まん延防止措置は「安易な行動規制」と菅野編集長 経済界からも懸念の声

新型コロナウイルスへの対応をめぐり「政府が蔓延(まんえん)防止等重点措置を適用する方向となった」とメディアが一斉に報じた2022年1月18日、『The Tokyo Post』の菅野志桜里編集長はツイッターで、政府の対応を「安易な行動規制」と批判。「行動規制には国会承認と損失補填が必要」と与野党に法整備を求めた。

行動規制には国会承認と損失補償が必要

菅野編集長は18日午前、「国会承認も損失補償もいらないから、安易な行動規制がなお続く。だって行政からすれば、説明責任という労力も、損失に見合うだけのお金もかけず、コスト不要でコロナ対策感が出せるのだから」と投稿。さらに、「まん延防止や緊急事態宣言を出して国民に行動規制をかけるには、国会承認と損失補償(協力金では裁量広すぎ)が必要。今国会、そういう当たり前の特措法改正案を出す政党があって然るべしだと思います。医療体制抜本強化のための感染症法改正案とセットでお願いしたい」と、補償をともなう行動規制を法律で定めるよう与野党に訴えた。
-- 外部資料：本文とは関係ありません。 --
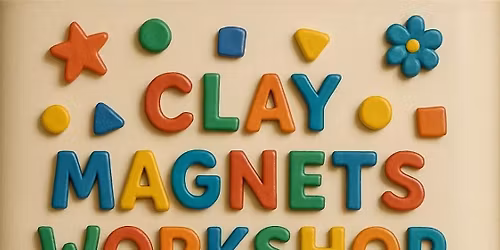 Clay Magnets Workshop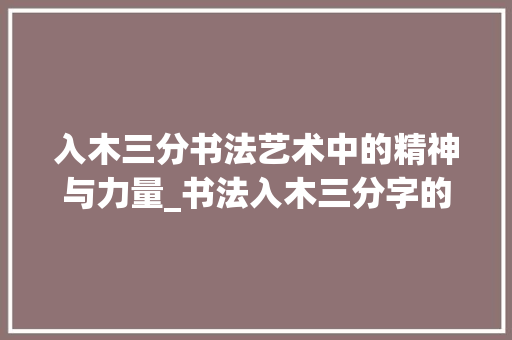 入木三分书法艺术中的精神与力量_书法入木三分字的意思
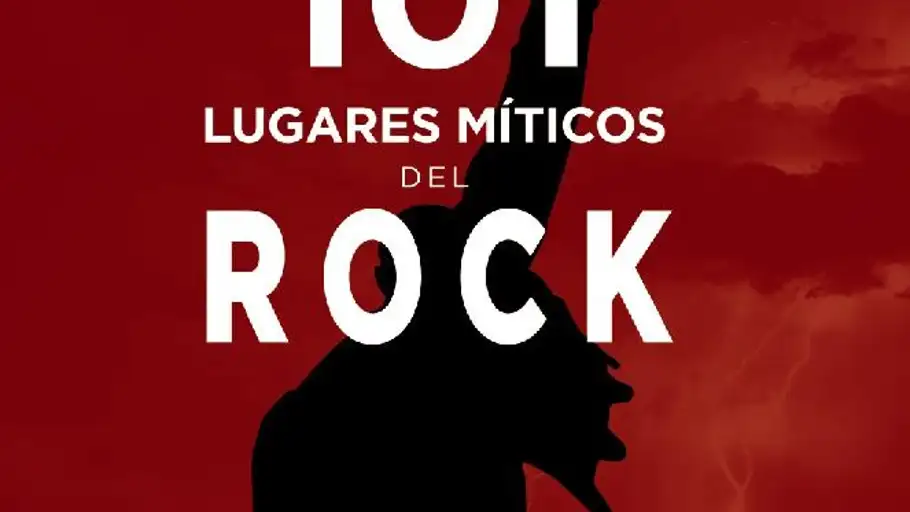 101 lugares miticos del rock 101 lugares miticos del rock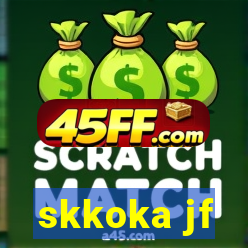skkoka jf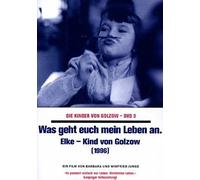Die Kinder von Golzow 9 - Was geht euch mein Leben an. Elke - Kind von Golzow [Alemania] [DVD]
感染力の強い新変異株「オミクロン株」の感染者が全国で急速に増加するなか、政府は重点措置の適用を検討。19日、新型コロナウイルス感染症対策本部を開き、群馬県、埼玉県、千葉県、東京都、神奈川県、新潟県、岐阜県、愛知県、三重県、香川県、長崎県、熊本県、宮崎県に重点措置を適用すると決めた。期間は1月21日から2月13日までで、ワクチン接種証明書か陰性証明書を提示すれば飲食店やイベントの行動制限を緩和する「ワクチン・検査パッケージ」は原則として一時停止される。

 経済界からは経済対策へのシフト求める声

新型コロナの感染者が増えるたびに求められる行動制限に対し、飲食店や観光・娯楽施設などでは経営的に疲弊しているところも増え、損失補償を求める声も多い。また、オミクロン株は感染力が強いものの、重症化するリスクが従来の株に比べて低いとの指摘もあり、重点措置の適用に疑問の声もある。

18日に記者会見した経済同友会の櫻田謙悟代表幹事は、重点措置について「重症化率はインフルエンザよりも低いかもしれないと言われている中、なぜ、まん延防止等重点措置なのか、政府はしっかりとした説明が必要だと思う」と懸念を示した。 さらに「イギリスやフランス、アメリカは経済活動に軸足を置きつつある。日本の経済が世界に比べて遅れている中、鎖国的な入国管理規制を含めて、可能な限り早く、規制措置を緩めていくことが大事だ」として、経済対策に重点を置くよう求めた。